Поэтому мы вводили новобранцев, в том числе и из освобожденных из плена и уже повоевавших бойцов, в новую для них среду постепенно. С первых же дней службы они приучались к рваному ритму жизни - постоянные тревоги, марши, сборы, во время которых мы старались максимально воспроизвести постоянно присутствующую опасность - делали холостые взрывы, организовывали заход нашей авиации в атаку на маршевые колонны и окопавшиеся подразделения, производили танковые атаки на расположение - только заранее предупреждали противотанкистов и зенитчиков, чтобы те не приняли учебную атаку за настоящую. Имитация действий диверсантов, распускание слухов об успешных действиях противника - все было направлено на то, чтобы человек привыкал к звукам, запахам, ощущениям боевой обстановки, учился быстро выбирать правильную последовательность действий. Учебное поле должно быть более зловещим, чем поле боя. Дым, сжигание покрышек и ведер с бензином, резкие хлопки взрывпакетов, звук пуль, которые пролетали поверх голов, немецкие трупы - настоящие, и наши - в виде муляжей, "ранения" товарищей с фонтанирующей кровью - мы старались воспроизвести поле боя как можно точнее. Но вводили все эти элементы постепенно, по одному-двум за раз, чтобы человек смог сначала с ними познакомиться, а потом, после повторений, если и не привыкнуть, то хотя бы смириться с их наличием. Темп тренировок также постепенно наращивался до запредельного - командами, вводными, имитацией появления противника - командиры учебок день ото дня все быстрее и быстрее грузили бойцов этой информацией, постоянно изощрялись в продумывании все более злокозненных тренировок. Дым, пыль, шум от взрывов, который перекрывает команды и звук летящих снарядов, выстрелов, свиста пуль - все это дополнительно мешало воспринимать команды и обстановку. Так боец выстраивал в своем мозгу цепочки из нейронов, с помощью которых затем быстрее, практически на автомате распознавал разные факты и ситуации боевой обстановки, и уже не тратил время на них, просто отмечая фоном "это мне известно, как действовать - знаю". Все - на выработку психологической устойчивости.

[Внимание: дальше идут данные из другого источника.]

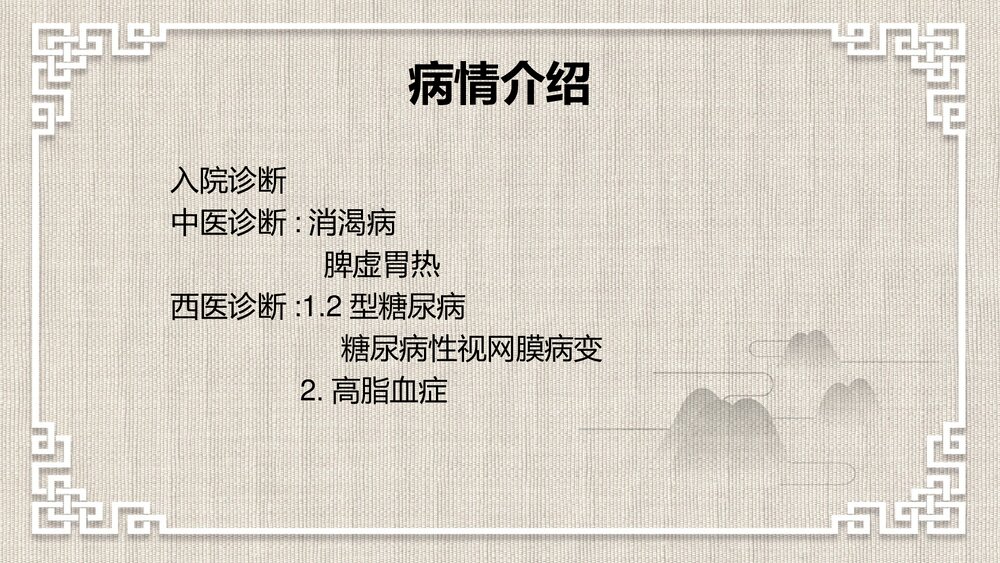 消渴病的护理查房PPT课件下载(共34页·带内容)7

Ведь чем больше энергетических усилий требует ситуация для своего распознавания, тем больше снижается психический ресурс. При экстремальных нагрузках человек просто не знает как поступить и цена неудачи для него очень высока. Все из-за того, что новое - это неизвестное, оно пугает своей неизвестностью, возможными страданиями, ущербом. И мы своими тренировками старались зародить в бойцах ощущение того, что новое таит неожиданности, с которыми человек справится, так же как он и раньше справлялся с другими неожиданностями. Ожидание успешного действия в неожиданной ситуации, или - в ожидаемой, но неизветно когда именно наступящей, а потому внезапной - это и было целью всех этих тренировок. Мы старались снизить напряженость - предвосхищение негативных последствий, уменьшить негативное ожидание, постоянно держать чувство позитивного ожидания, что все будет хорошо. Ождание удачи, успеха - вот что было целью всех тренировок.
И тренировки "ощущениями" дополнялись теоретическим и практическим материалом. Негативные состояния ведь возникают и при отсутствии навыков адекватной оценки критических ситуаций. И КМБ включал рассказы про различные поражающие факторы и как их избежать. Про обстрел снарядами - бойцам объясняли поражающие действия снарядов и у человека появятся знания, как их избежать. Про ранения - как происходят ранения, к каким последствиям они приводят, как минимизировать негативные последствия - главное - не потерять много крови, треть - вполне допустимо - тут рассказывали про депо крови в печени и селезенке, за счет которого организм частично компенсирует резкую потерю крови при ранениях. Про стрельбу - учили оценивать - откуда могут стрелять, как уйти от выстрела - двигаться перебежками, чтобы противник не успел прицелиться, и зигзагом, чтобы затруднить прицеливание и заставить взять неверное упреждение, использовать укрытия, чтобы или бойца просто не было видно немецкому пулеметчику, или чтобы пули попадали в землю и изменяли траекторию или хотя бы теряли энергию. Рассказывали, как бронежилет снижает вероятность серьезных поражений за счет снижения энергии осколков и пуль и сколько энергии нужно, чтобы серьезно повредить человека.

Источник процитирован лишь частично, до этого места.